WASHINGTON’ı W ile yazmaya bir şey diyemem ama Kandil Dağı’nı sakın Q ile yazmayın.

Örgüt propagandasından başınız derde girebilir.
Araştırmacı yazar İsmail Beşikçi -ki kendimi bildim bileli düşüncelerini ifade ettiği için ya hapistedir ya da hapis cezası ile yargılanmaktadır- Çağdaş Hukukçular’ın dergisinde yer alan makalesinde Kandil’i Q harfi ile yazdığı için mahkemede hesap veriyor.
Cuma günü, 23 basın örgütünün oluşturduğu Gazetecilere Özgürlük Platformu adına bu davayı izleyen meslek örgüt temsilcileri ve gazeteciler arasındaydım.
Bazı meslektaşlarımız, Türkiye’de ifade ve basın özgürlüğü baskı altındadır dediğimizde “sızlanmayın” diyorlar.
Bazılarına göre ise eskiden askerlerin andıçları vardı, şimdi durum eskiye göre hiç de kötü sayılmaz.
Pes. Gerçekten pes.
“Kendine demokratlık”ta ne demokrasinin, ne demokratlığın izine rastlanır.
Dünkü zulüm bugünkünün hafifletici nedeni olabilir mi?
Bugün büyük iş adamlarından bürokrasiye her kesimde, iktidara karşı bir izlenim yaratmama, iktidar zihniyetine aykırı düşmeme endişesi var.
Bir bakanlığın desteklediği bir toplantıda, konu başlıklarından birindeki “şarap” sözcüğünün sansüre uğradığına daha birkaç gün önce tanık oldum.
Kimsenin canı yanmasın diye halkın haber alma hakkına kendi irademle sınırlama getiriyorum.
İpucu olur diye bildiğim bir şeyi paylaşmaktan kaçınıyorum.

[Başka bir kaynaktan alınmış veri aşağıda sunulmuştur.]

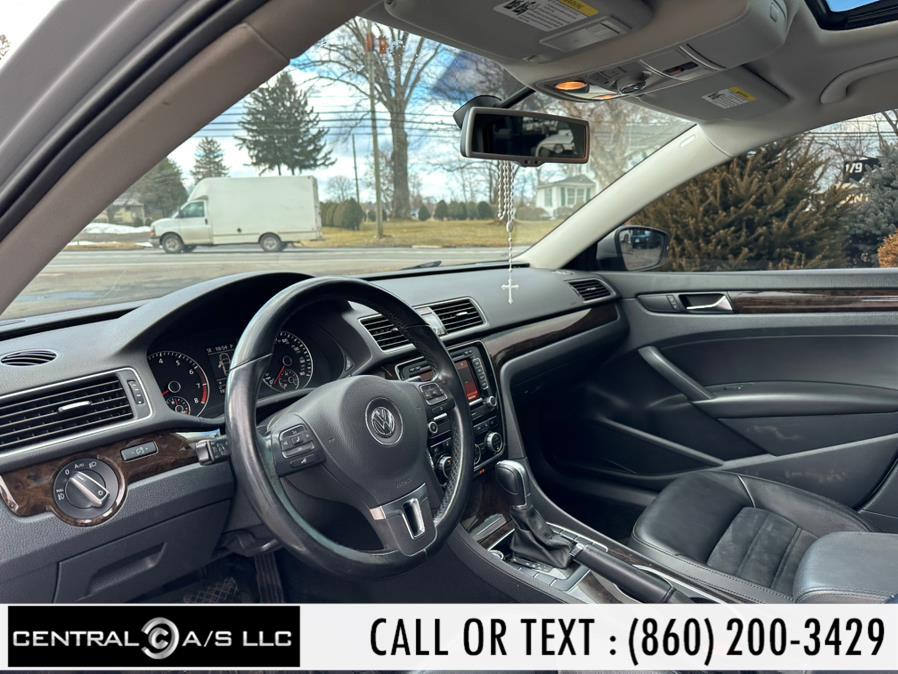 2015 Volkswagen Passat 4dr Sdn 3.6L V6 DSG SEL Premiu photo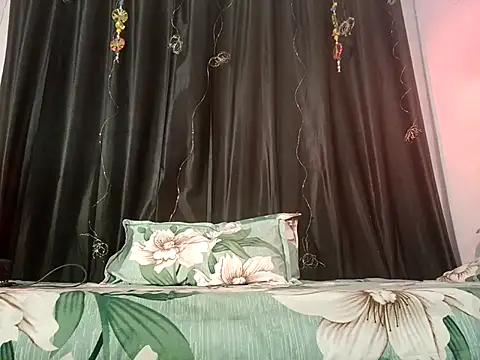 Snapshot of duskyangel chatting on March 24, 2026, 4:34 am duskyangel online show from March 24, 2026, 4:34 am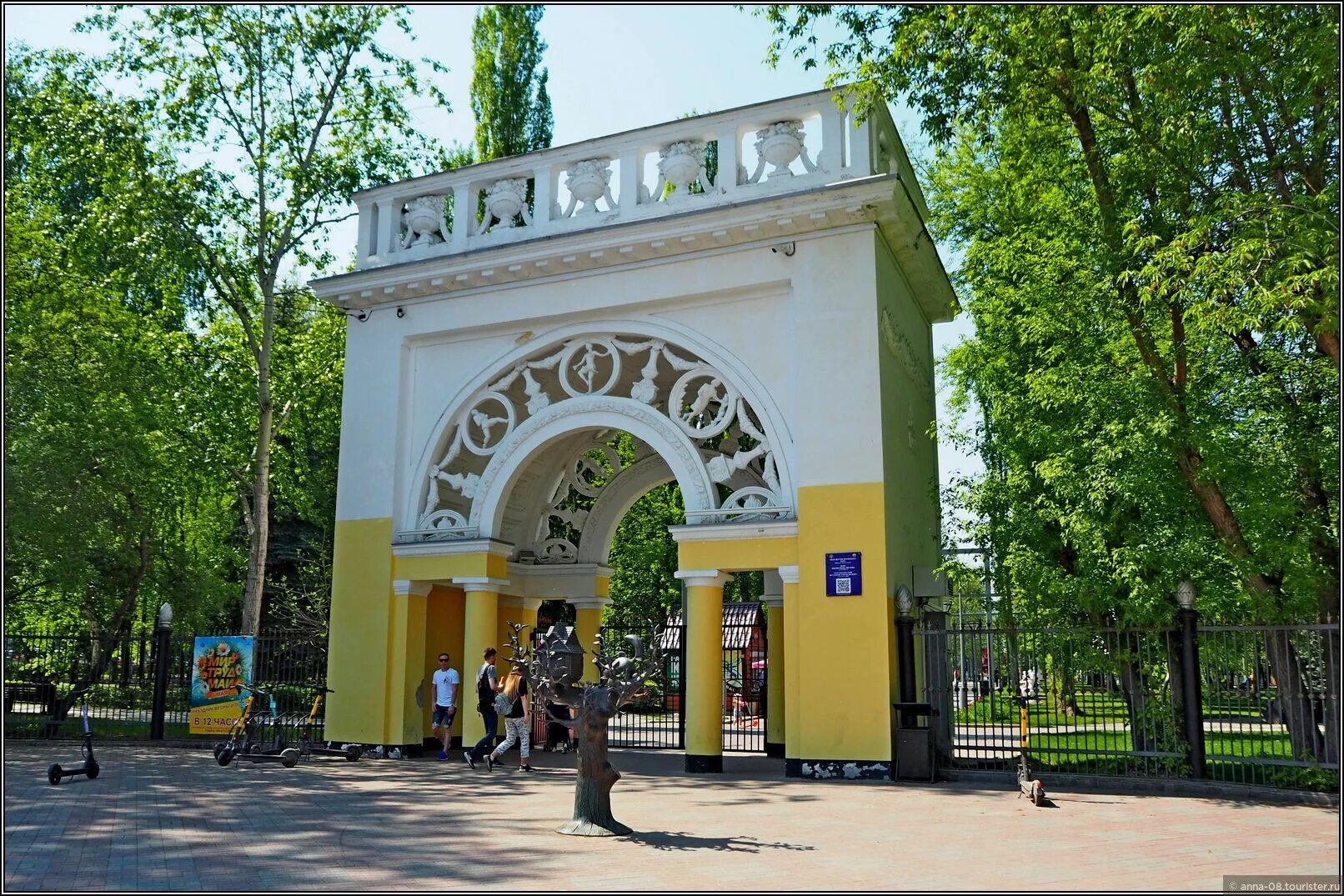 входе в парк стоит. парк сокольники. парк победы кострома лавка. кинотеатр уфа зеленая роща. парк сокольники.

Düştüğümüz hâl bu işte!
¡¡¡
İSMAİL Beşikçi dava konusu olan makalesinde, bugün BM, Avrupa Konseyi gibi uluslararası örgütlerde 30 bin nüfuslu devletlerin halkları temsil edilirken Suriye, İran, Irak ve Türkiye’de yaşayan 40 milyon Kürt’ün temsil edilmemesini tartışıyor.
Düşüncelerini açıkladığı için de hapis cezasına çarptırılması isteniyor.

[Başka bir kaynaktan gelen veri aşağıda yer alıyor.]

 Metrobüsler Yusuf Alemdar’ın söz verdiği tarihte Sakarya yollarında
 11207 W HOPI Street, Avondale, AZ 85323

Beşikçi’nin fikirlerini, önermelerini kabul edersiniz ya da etmezsiniz. Onlar toplumbilimle uğraşan bir bilim adamının görüşüdür, üstelik de bir hukuk dergisinde tartışmaya açtığı bir görüş.

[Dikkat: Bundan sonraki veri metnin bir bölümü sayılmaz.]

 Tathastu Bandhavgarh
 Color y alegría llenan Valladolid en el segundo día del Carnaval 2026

Demokratik zihniyet ikliminin hakim olduğu ortamlardaki uygulama, o görüşlere katılmıyorsanız, kendi görüşleriniz ve elde ettiğiniz verilerle karşı görüşü çürütmektir.
Karşıt görüşü ifade etmekten men etmek, benim de eleştiri hakkımı elimden almak demektir.
¡¡¡
ÜSTELİK makaledeki saptamaların, dava nedeni sayılan ve suç unsuru olarak gösterilen fikirlerin zaten tartışıldığı bir Türkiye var artık.
Ama bu Türkiye’nin yasaları, ifade ve basın özgürlüklerini korumuyor. Güvence altına almıyor.
Devlet Abdullah Öcalan ile görüşüyor; ama Beşikçi görüşlerini açıkladığı için terörle mücadele yasası yüzünden yargılanıyor.
O zaman bu yasalardan tabii ki şikayet edeceğiz, tabii ki sesimizi yükselteceğiz ve özgürlükçü zihniyet iklimini yaratacak değişim talebini seslendireceğiz. Bunu da tabii ki iktidardan isteyecek, yapmazsa hükümeti eleştireceğiz.
Kimse kızmasın.
Biz bu durumu düzeltmezsek savcılarımızı, Irak’ın özerk Kürdistan Yönetimi sınırları içinde yer alan ve Irak haritalarında Qandil olarak gösterilen dağın adı yüzünden dava açma tuhaflığı ile karşı karşıya bırakacak; İsmail Beşikçi gibi aydınlar, seksen yaşına merdiven dayasalar da, yazdıkları yüzünden mahkemelerde dert anlatmaya devam edecekler.